Work to complete:
Return the records that follow unaltered. Omit every picture.
----
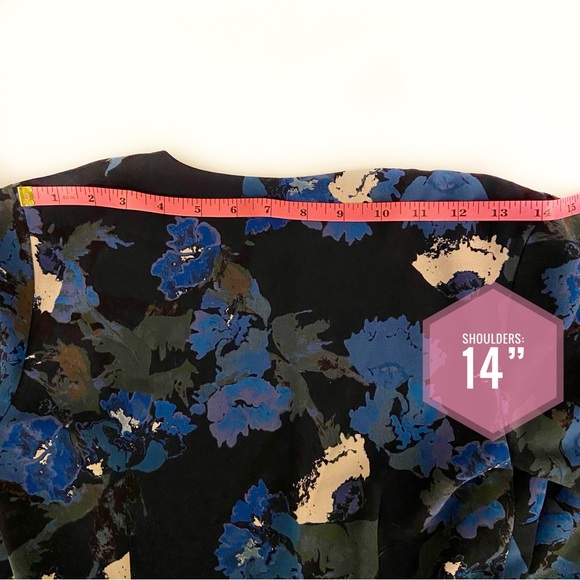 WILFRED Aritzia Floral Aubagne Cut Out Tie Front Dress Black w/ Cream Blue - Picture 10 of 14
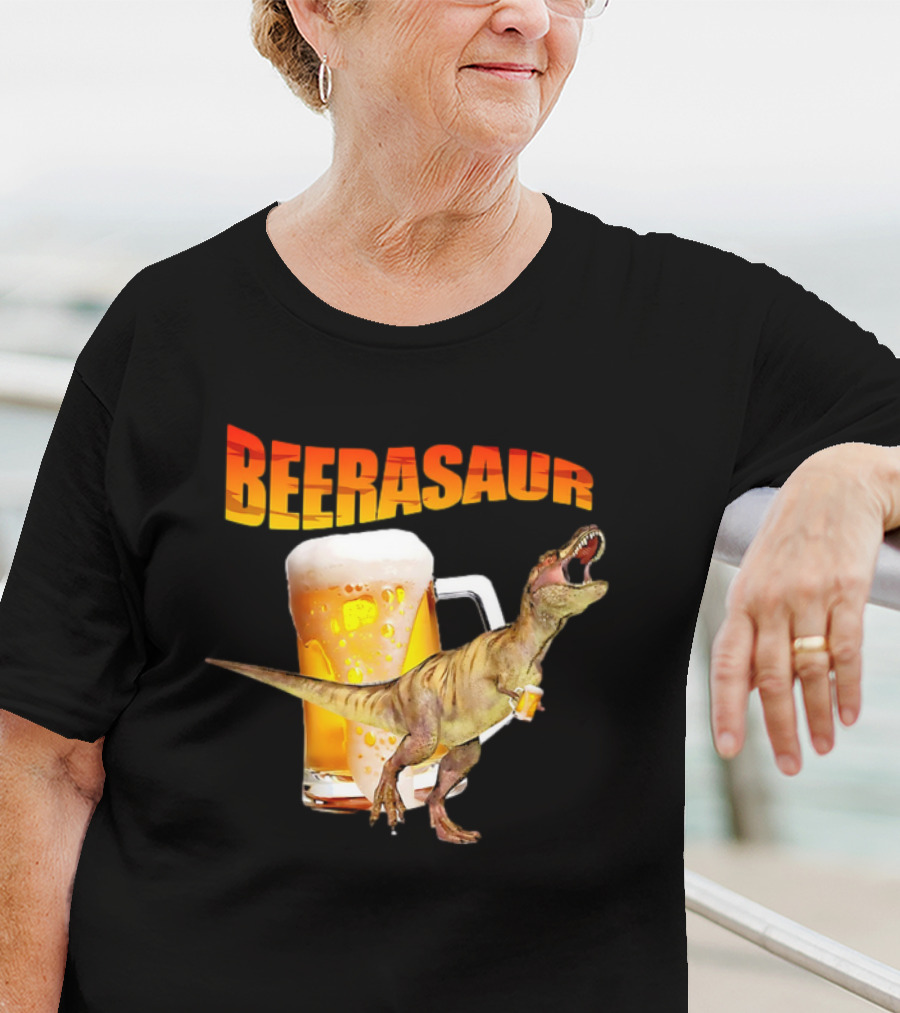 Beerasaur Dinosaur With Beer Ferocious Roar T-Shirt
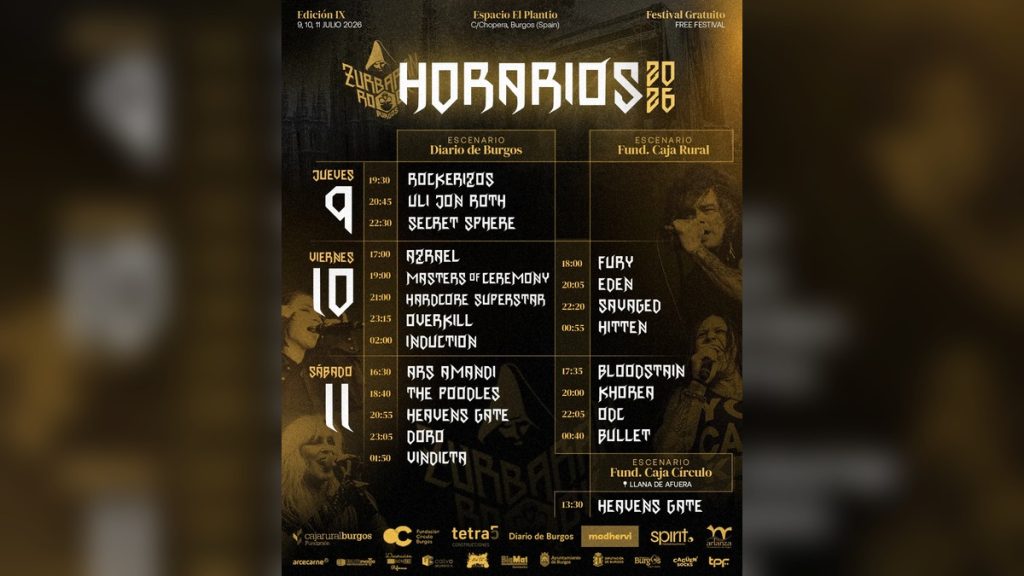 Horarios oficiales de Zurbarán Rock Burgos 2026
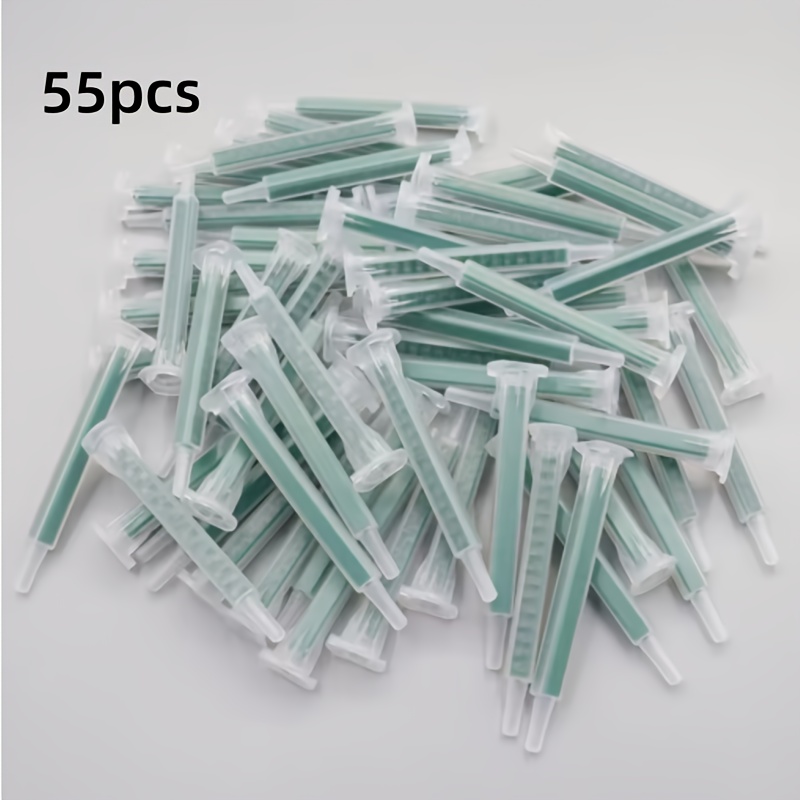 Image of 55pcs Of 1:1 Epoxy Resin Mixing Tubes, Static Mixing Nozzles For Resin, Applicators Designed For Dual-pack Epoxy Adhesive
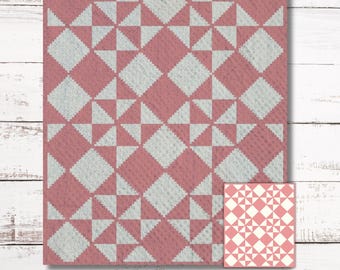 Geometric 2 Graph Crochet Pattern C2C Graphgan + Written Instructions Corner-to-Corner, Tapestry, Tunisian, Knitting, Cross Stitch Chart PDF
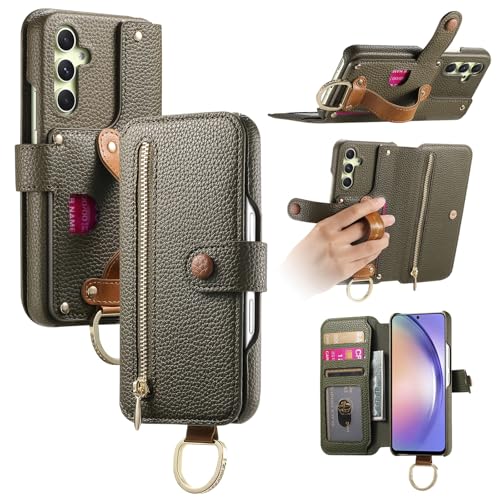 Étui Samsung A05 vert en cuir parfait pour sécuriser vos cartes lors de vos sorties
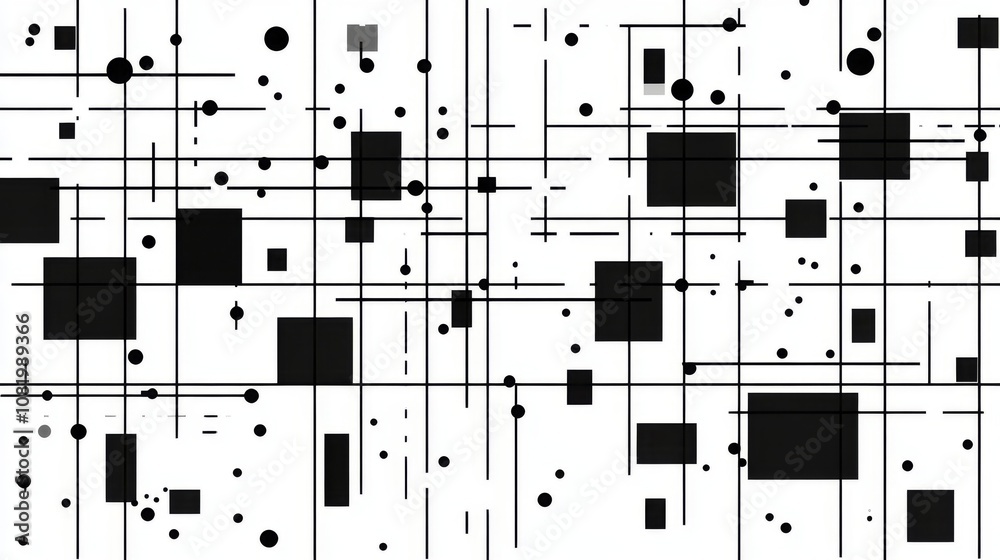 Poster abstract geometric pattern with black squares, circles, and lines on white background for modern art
----
Result of this task:
 WILFRED Aritzia Floral Aubagne Cut Out Tie Front Dress Black w/ Cream Blue - Picture 10 of 14
 Beerasaur Dinosaur With Beer Ferocious Roar T-Shirt
 Horarios oficiales de Zurbarán Rock Burgos 2026
 Image of 55pcs Of 1:1 Epoxy Resin Mixing Tubes, Static Mixing Nozzles For Resin, Applicators Designed For Dual-pack Epoxy Adhesive
 Geometric 2 Graph Crochet Pattern C2C Graphgan + Written Instructions Corner-to-Corner, Tapestry, Tunisian, Knitting, Cross Stitch Chart PDF
 Étui Samsung A05 vert en cuir parfait pour sécuriser vos cartes lors de vos sorties
 Poster abstract geometric pattern with black squares, circles, and lines on white background for modern art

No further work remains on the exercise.